Changes to Gypsy Week timing mooted
by Anonymous Author
Moving Day is entrenched in the dairy farming culture, but a discussion has started within the industry about whether there are less disruptive ways to move farms.
For many in the dairy industry June 1, means one thing — time to move. As the new season starts around the country, thousands of share milkers pack their cows into stock trucks and move equipment and families to new farms. It is a familiar sight which sums up the traditional path of progression in New Zealand’s dairy industry.
Recently, more awareness of the disruption the move can have on families, small rural communities and schools, has led to a discussion in the industry about whether there is another way.
DairyNZ strategy and investment leader, Mark Paine, said a discussion stemmed from a workshop involving people from different sectors of the industry, which focussed on improving the reputation and experience of working in dairying. Getting away from the traditional moving day was one of the issues explored.

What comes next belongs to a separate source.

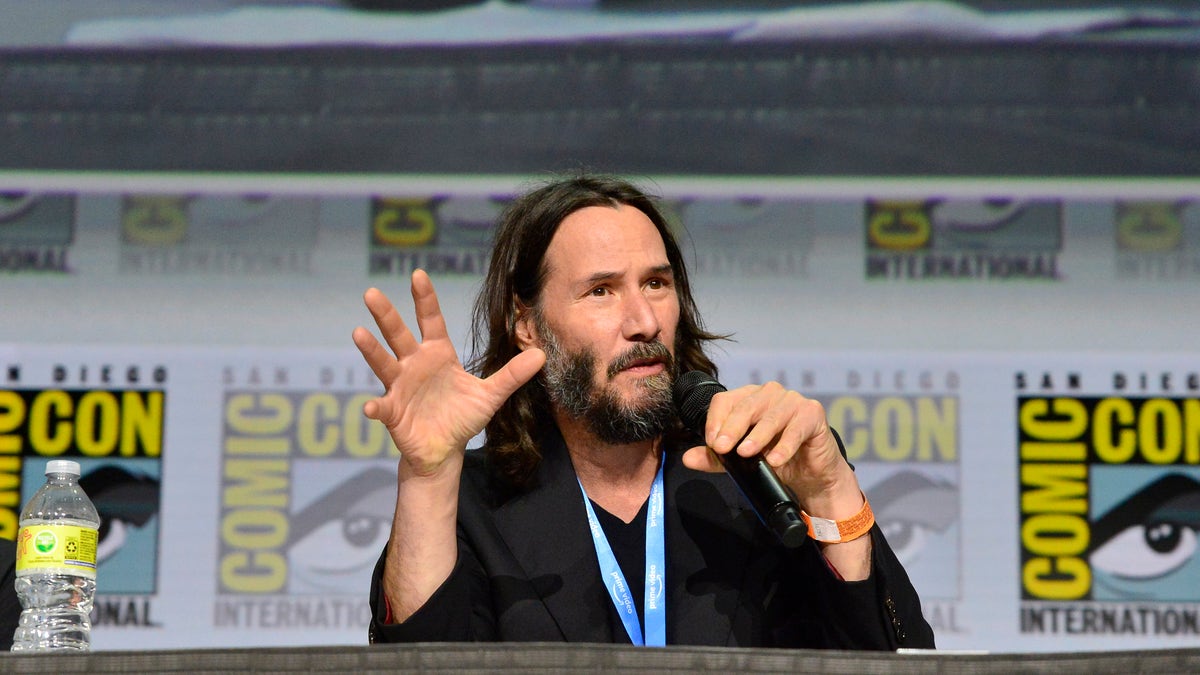 Keanu Reeves with a microphone in hand speaking at Comic-Con 2022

“When we dug into it, there was agreement that it is incredibly disruptive for rural communities and schools,” Mr Paine said.

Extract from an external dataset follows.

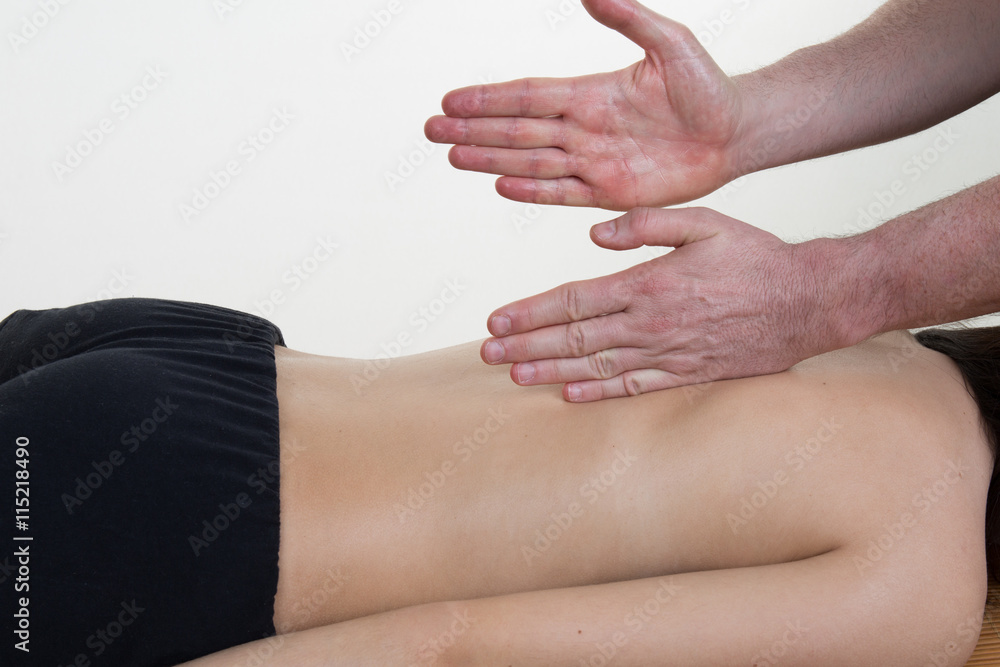 Young woman relaxes as enjoys a luxurious spa treatment from a female Young woman relaxes as enjoys a luxurious spa treatment from a female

“Secondly, it has a fairly negative impact in terms of stock movement for locals.”
Mr Paine also questioned whether the emphasis on change every June 1 causes unnecessary uncertainty in farming relationships.
“It’s about trying to get the balance right between progression, which is a good thing, and continuity in the industry in terms of making sure that people stay long enough to really stick with the farm system, understand the particular farm they are on and have it really humming, which is really a three-year-plus experience.
“When really effective employment relationships are operating you don’t want to have the expectation of moving day bringing that to an end.
“If things are going great then focus on the things that will make it go better. Don’t stop the whole thing because there is this kind of industry expectation that it’s moving day, it’s time to move.”
Mr Paine said farmers would never get away from the physical reality of having to move stock and equipment on the day itself, but he suggests phasing a family’s move to better suit children and the communities they move into.
He suggested more could be made of the weeks before the new season once cows have been dried off.